[Saved data entries]
Content starts

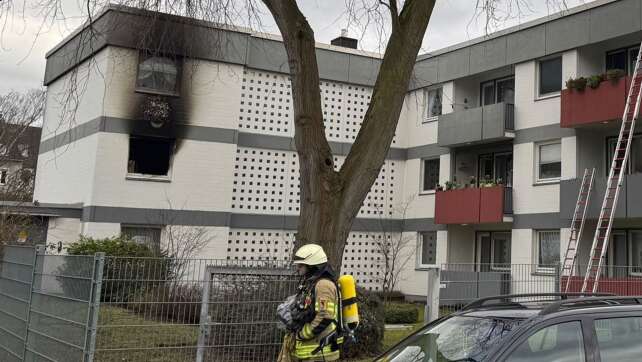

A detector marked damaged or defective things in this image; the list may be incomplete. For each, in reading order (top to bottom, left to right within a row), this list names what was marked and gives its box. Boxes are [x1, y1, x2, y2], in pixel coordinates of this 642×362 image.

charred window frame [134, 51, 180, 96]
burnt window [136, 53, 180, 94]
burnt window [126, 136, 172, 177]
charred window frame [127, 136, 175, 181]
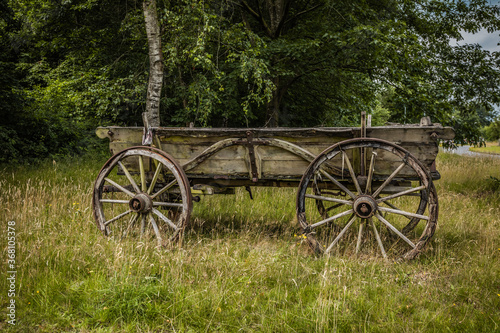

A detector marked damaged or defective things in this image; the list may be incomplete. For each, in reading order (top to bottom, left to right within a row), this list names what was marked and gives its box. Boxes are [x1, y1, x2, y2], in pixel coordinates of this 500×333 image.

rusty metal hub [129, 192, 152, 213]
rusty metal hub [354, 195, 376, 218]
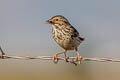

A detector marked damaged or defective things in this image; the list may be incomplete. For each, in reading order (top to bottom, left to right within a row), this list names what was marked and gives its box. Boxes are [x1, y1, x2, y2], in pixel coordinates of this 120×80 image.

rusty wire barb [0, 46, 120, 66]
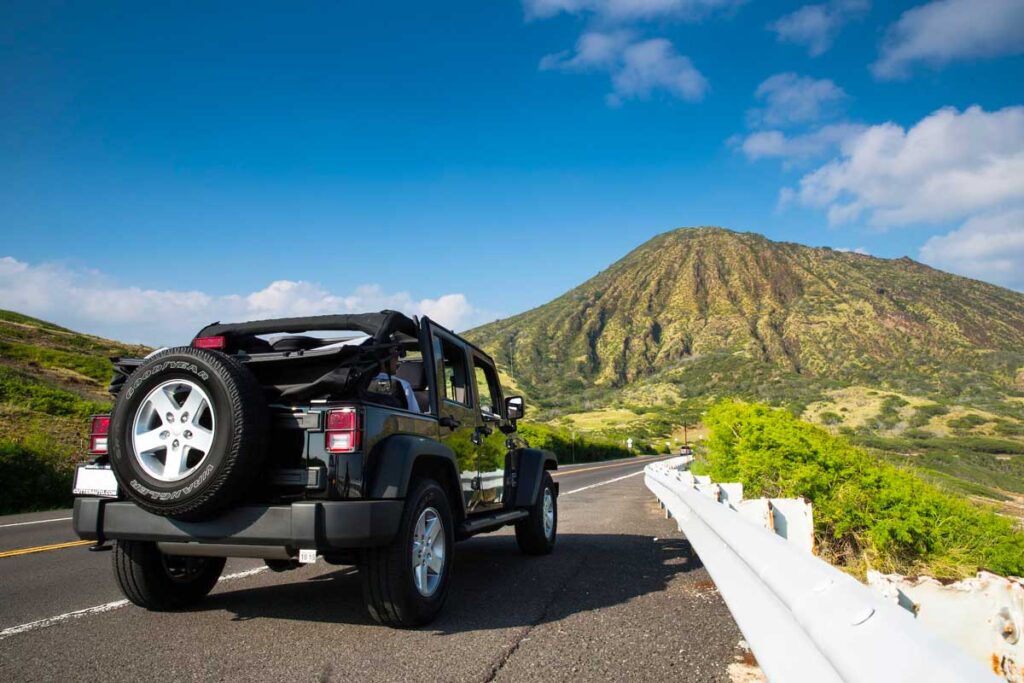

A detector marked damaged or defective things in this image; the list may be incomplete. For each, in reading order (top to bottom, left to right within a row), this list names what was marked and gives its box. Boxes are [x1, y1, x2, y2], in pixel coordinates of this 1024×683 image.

Content ends

• [Exercise directions]: Exclude the images, then output the data above word for word.

• [Exercise solution]:
A detector marked damaged or defective things in this image; the list may be incomplete. For each, in reading order (top to bottom, left to right within a row), this list names what was marked and gives its box. Boxes are [x1, y1, x2, y2], in pixel coordinates of this 642×362 image.

charred window frame [134, 51, 180, 96]
burnt window [136, 53, 180, 94]
burnt window [126, 136, 172, 177]
charred window frame [127, 136, 175, 181]

A detector marked damaged or defective things in this image; the list may be incomplete. For each, in reading order (top to bottom, left to right within a row), this list names what was marked and gives its box. Boxes are [x1, y1, x2, y2], in pixel coordinates of this 500×333 image.

rusty metal hub [129, 192, 152, 213]
rusty metal hub [354, 195, 376, 218]

A detector marked damaged or defective things in this image; the list may be incomplete. For each, in reading order (top to bottom, left to right within a row), this list names what was marked and gives its box. Boxes are [x1, y1, x2, y2], in pixel coordinates of this 120×80 image.

rusty wire barb [0, 46, 120, 66]

A detector marked damaged or defective things in this image; the list may be incomplete. For each, in reading order (top to bottom, left to right within a row), this list names what was marked and gives its box. Boxes are [x1, y1, x2, y2], in pixel coordinates of this 1024×683 image.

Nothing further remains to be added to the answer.